Opinion Research, Done Right, Improves the Success Rate

A properly designed survey will shed useful insight on how key constitutents view your business.


Right now, how confident are you in your ability to accurately answer the following questions: What do your customers like best about the service you provide? What specifically could you do better to keep them happy?

How likely would they be to recommend you over one of your competitors? How likely are they to stay with you in the future? What do they think about a new service idea or product you are considering?

Information may be power, but it is good information that leads to good decisions. Some of that information may be readily available, but some of it lies hidden in the form of people's opinions. Opinion research is often the only way to uncover this kind of information. It is the tool that allows you to move beyond hunches and guesswork into reliable feedback directly from your customers.

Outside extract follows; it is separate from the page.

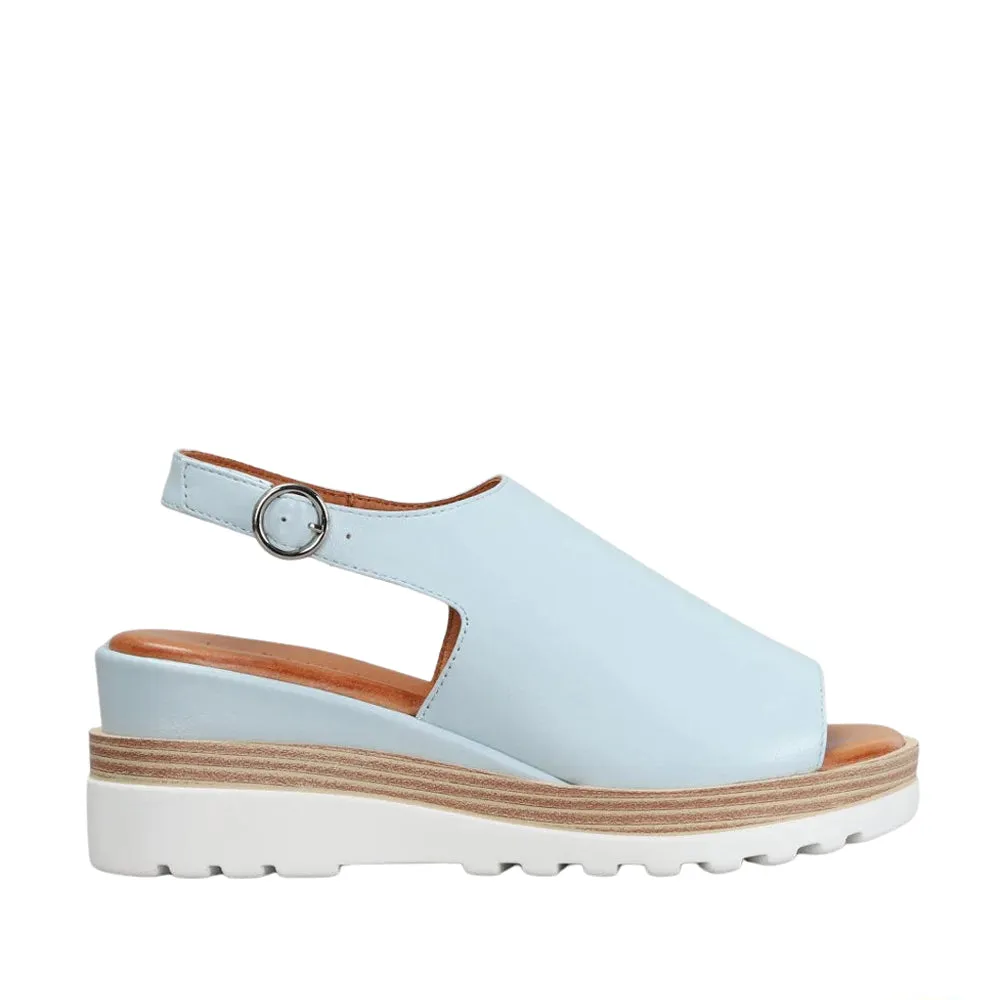 LE SANSA THUNDER LT BLUE Outdoor Essential Urban Gear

Opinion research can be a competitive advantage

Research is an "early warning system" that can help you identify opportunities for a competitive advantage and avoid potential pitfalls. It is the resource that helps you sift through a dozen good ideas and determine the very best one to pursue to achieve your goals and objectives.

Engaging customers through research lets you test the impact of decisions before you actually make them. Before you spend a lot of money to introduce a new product, service, change the name of the company, or develop a new marketing strategy, you can see what the reaction from your key customers will be first. This prudent investment may save costly mistakes and will almost always give you ideas for improvements.

Lastly, research is the critical tool that lets you listen to the most important people in your business - your customers. The success of your business depends on how well you listen and respond and how you react in the marketplace. They might include the general public, current or former customers, potential new customers, employees, other businesses, even government leaders. Because these groups are vital to your success, researching their opinions should be very important to you.

Principles of good survey questions

  1. Questions should ask about first-hand experiences or perceptions.
  2. Questions should focus on one subject at a time.
  3. Questions should use words that ensure all respondents will answer the same questions.

Step 1: Identify objective of research

Failure to define clear objectives for your research is often the key reason why a research project does not live up to its strategic potential.

The first question is: What is the business objective behind the research?

Research should always be designed to meet a clearly defined and agreed upon business objective. If you can't answer the questions "why are we doing this?" and "how will the results help us improve our business?" you are not ready to launch a research project.

Setting a clear business objective ensures that each step of the process ties back to fulfilling these objectives.

Step 2: Define your audience
Who is the target audience to be surveyed?

Customer research is only as good as the people giving you their input. Defining the appropriate research participants is a critical step in making sure that the results represent the opinions and behaviors of the people you want to impact. Are they your current customers or potential customers? Are they top decision makers in the organization or front-line personnel who interact directly with your equipment or service people? Are some companies more important to study than others (say, for example, those that accounted for 80 percent of your revenue in the last few years)?

Step 3: What do you want them to do?

The questions that you ask need to focus on the areas where you have questions about your company's performance. Sometimes this is attitudinal - what do customers think about your business. Sometimes it is behavioral - getting customers to take a desired action like purchase more of your products, sign longer term contracts or tell others about your company. Defining what action you want customers to take is critical to designing the types of questions that they should be asked.